# Task to complete
Below is a listing. Write out exactly its lines between the one holding "The physics forceps comes" and the one holding "Assemble the reloaded", inclusive.
-- Available records follows --
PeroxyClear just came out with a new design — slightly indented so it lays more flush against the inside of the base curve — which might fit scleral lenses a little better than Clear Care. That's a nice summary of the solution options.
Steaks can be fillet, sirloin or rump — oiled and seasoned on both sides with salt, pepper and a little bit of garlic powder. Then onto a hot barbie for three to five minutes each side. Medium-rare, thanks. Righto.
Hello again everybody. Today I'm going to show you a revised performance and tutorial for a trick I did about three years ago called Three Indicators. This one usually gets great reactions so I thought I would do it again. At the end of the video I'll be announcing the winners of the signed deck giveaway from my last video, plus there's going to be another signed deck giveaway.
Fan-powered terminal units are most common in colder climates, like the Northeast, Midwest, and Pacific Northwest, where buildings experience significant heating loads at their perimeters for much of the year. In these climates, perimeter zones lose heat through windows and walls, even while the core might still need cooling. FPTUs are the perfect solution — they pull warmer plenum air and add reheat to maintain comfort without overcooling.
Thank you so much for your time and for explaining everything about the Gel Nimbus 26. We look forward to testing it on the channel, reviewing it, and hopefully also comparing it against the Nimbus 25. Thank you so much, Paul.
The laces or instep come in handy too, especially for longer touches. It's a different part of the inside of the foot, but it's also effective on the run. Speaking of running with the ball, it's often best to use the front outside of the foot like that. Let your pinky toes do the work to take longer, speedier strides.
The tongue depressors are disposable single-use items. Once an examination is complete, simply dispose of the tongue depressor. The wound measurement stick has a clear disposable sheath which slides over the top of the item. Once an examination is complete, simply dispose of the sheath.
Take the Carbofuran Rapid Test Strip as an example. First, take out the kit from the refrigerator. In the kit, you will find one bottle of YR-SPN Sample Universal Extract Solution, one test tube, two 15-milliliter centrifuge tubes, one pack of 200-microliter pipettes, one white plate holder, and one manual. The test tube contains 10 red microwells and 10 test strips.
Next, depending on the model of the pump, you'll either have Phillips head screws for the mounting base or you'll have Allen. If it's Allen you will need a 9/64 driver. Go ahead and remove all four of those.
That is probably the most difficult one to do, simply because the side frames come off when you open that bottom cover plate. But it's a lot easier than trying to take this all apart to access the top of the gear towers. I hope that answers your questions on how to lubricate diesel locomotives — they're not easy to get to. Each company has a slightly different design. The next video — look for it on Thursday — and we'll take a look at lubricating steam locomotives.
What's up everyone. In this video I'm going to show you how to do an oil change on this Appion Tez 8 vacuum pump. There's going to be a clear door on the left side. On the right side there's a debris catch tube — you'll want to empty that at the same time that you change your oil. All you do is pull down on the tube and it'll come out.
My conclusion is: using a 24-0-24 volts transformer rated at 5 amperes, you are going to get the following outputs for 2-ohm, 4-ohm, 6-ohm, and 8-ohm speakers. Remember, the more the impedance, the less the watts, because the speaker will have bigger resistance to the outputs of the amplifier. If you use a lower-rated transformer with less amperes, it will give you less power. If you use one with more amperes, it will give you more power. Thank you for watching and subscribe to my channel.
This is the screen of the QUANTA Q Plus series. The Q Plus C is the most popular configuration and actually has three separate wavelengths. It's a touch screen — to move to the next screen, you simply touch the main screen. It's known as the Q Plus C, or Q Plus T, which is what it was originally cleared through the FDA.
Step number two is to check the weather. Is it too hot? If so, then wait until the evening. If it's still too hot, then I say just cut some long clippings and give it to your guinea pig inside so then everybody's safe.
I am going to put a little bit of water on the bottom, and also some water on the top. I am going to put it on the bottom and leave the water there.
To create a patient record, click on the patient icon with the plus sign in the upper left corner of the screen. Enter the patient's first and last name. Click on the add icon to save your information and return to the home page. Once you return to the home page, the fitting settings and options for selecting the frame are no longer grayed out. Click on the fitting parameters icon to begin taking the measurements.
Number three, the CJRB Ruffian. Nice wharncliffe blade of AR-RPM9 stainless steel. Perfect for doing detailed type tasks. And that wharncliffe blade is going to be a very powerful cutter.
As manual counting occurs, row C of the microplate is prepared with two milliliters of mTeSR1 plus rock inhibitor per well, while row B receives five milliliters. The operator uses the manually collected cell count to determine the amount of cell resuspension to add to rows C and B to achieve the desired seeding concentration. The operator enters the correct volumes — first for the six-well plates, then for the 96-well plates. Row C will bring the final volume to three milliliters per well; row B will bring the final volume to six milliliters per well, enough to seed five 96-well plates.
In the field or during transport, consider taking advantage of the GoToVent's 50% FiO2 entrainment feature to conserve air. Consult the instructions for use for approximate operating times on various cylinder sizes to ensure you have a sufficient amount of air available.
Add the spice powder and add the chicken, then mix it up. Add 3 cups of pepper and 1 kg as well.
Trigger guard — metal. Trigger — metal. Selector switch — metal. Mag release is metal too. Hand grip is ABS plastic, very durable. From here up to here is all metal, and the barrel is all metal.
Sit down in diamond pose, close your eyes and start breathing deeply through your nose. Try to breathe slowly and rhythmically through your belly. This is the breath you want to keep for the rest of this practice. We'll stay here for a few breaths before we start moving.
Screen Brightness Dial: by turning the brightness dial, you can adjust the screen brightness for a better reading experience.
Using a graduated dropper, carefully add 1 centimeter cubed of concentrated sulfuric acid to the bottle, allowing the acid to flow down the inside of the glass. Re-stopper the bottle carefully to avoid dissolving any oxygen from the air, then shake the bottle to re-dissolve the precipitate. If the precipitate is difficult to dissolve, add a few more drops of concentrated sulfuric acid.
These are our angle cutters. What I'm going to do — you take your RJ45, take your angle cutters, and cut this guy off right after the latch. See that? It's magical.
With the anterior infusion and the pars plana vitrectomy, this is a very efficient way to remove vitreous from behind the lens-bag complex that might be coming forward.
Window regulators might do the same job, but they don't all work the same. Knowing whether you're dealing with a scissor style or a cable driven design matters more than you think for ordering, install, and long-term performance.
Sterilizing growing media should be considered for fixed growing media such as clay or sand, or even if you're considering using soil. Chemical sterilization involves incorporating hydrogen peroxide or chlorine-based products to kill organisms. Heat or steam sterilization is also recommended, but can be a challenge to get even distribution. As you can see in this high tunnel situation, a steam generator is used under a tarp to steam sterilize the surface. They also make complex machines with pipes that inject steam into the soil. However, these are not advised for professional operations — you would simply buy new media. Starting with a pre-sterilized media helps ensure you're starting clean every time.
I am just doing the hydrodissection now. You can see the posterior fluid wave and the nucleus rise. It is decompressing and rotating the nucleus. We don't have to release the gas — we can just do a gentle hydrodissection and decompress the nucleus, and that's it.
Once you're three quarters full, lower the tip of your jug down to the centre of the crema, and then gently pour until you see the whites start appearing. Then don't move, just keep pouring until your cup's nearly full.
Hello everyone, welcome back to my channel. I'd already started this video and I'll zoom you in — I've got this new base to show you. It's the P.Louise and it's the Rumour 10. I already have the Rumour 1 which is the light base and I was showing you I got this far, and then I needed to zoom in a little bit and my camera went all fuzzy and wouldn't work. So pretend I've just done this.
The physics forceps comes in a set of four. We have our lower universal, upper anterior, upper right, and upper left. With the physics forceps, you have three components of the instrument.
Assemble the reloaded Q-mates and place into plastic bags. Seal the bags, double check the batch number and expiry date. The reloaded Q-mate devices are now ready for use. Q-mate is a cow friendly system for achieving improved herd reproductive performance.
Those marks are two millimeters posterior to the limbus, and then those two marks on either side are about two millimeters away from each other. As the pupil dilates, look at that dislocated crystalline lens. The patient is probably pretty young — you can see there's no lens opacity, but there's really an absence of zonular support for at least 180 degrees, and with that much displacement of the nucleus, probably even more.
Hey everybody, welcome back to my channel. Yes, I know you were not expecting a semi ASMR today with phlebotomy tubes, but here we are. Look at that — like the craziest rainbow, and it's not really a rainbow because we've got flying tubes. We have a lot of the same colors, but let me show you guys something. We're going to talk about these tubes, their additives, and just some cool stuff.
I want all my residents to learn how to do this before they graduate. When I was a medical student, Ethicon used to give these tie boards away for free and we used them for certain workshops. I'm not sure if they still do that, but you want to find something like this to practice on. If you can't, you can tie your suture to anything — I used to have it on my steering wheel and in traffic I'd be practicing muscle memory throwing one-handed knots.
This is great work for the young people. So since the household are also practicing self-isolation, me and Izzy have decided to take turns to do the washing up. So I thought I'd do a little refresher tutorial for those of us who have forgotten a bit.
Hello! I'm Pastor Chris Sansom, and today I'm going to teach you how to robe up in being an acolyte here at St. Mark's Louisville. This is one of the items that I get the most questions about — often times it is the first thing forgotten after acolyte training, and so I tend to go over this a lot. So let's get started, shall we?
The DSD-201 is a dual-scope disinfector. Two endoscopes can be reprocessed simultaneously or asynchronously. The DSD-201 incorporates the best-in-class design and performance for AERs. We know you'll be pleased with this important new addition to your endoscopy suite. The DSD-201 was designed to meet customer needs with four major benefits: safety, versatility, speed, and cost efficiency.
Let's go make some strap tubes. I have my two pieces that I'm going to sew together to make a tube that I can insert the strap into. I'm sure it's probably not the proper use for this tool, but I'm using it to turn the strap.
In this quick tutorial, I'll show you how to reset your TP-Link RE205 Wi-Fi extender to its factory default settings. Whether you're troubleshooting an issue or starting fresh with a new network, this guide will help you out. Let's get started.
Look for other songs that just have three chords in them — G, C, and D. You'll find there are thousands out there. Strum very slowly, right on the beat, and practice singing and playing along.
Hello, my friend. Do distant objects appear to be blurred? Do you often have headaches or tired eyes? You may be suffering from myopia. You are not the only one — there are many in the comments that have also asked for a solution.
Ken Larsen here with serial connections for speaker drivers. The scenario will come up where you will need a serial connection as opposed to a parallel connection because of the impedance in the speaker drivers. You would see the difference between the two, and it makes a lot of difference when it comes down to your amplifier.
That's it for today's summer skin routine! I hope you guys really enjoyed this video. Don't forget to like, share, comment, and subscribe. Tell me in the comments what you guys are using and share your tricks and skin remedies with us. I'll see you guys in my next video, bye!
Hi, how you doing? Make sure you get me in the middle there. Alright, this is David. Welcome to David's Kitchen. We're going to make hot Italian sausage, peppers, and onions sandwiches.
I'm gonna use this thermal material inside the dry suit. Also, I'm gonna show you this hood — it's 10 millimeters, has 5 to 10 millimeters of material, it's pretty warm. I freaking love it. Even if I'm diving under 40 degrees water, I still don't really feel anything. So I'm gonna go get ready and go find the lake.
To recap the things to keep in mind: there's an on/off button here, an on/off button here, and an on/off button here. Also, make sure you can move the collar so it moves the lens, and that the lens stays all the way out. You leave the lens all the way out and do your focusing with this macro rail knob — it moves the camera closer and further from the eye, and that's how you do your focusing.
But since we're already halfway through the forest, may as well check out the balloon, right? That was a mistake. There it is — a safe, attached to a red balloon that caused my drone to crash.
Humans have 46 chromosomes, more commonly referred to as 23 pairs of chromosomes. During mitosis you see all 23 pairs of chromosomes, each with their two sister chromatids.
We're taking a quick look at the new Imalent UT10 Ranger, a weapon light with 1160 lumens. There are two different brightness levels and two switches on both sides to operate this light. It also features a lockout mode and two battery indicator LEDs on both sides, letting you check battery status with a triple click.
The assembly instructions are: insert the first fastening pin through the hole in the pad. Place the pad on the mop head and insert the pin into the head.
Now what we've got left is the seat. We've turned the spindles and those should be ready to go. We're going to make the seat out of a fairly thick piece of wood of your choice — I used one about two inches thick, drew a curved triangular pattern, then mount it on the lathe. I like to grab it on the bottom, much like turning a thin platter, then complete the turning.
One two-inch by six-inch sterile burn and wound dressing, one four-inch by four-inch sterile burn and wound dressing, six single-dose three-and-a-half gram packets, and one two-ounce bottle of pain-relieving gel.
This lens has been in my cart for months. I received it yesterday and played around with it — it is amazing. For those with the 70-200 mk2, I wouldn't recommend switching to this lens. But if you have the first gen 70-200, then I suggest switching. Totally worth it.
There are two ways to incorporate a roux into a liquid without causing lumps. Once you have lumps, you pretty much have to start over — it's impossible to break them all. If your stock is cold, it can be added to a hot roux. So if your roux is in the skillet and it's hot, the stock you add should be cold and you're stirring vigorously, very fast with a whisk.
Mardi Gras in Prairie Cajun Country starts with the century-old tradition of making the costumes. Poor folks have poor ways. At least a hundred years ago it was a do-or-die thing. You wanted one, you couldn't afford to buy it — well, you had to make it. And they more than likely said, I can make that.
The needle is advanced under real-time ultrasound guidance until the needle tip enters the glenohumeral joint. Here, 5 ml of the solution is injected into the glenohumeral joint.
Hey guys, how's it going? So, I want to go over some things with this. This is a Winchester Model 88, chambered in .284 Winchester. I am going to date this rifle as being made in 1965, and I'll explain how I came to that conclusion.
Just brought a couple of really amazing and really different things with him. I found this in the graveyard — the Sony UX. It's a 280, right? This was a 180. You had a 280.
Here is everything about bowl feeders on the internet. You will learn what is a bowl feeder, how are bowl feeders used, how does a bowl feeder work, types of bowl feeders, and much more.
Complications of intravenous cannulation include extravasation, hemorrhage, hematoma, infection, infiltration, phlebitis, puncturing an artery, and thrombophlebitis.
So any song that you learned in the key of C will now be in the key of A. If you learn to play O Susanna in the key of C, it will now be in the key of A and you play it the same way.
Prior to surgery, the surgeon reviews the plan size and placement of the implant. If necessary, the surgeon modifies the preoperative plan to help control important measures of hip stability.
-- Available records concluded --
# Result for this exercise
The physics forceps comes in a set of four. We have our lower universal, upper anterior, upper right, and upper left. With the physics forceps, you have three components of the instrument.
Assemble the reloaded Q-mates and place into plastic bags. Seal the bags, double check the batch number and expiry date. The reloaded Q-mate devices are now ready for use. Q-mate is a cow friendly system for achieving improved herd reproductive performance.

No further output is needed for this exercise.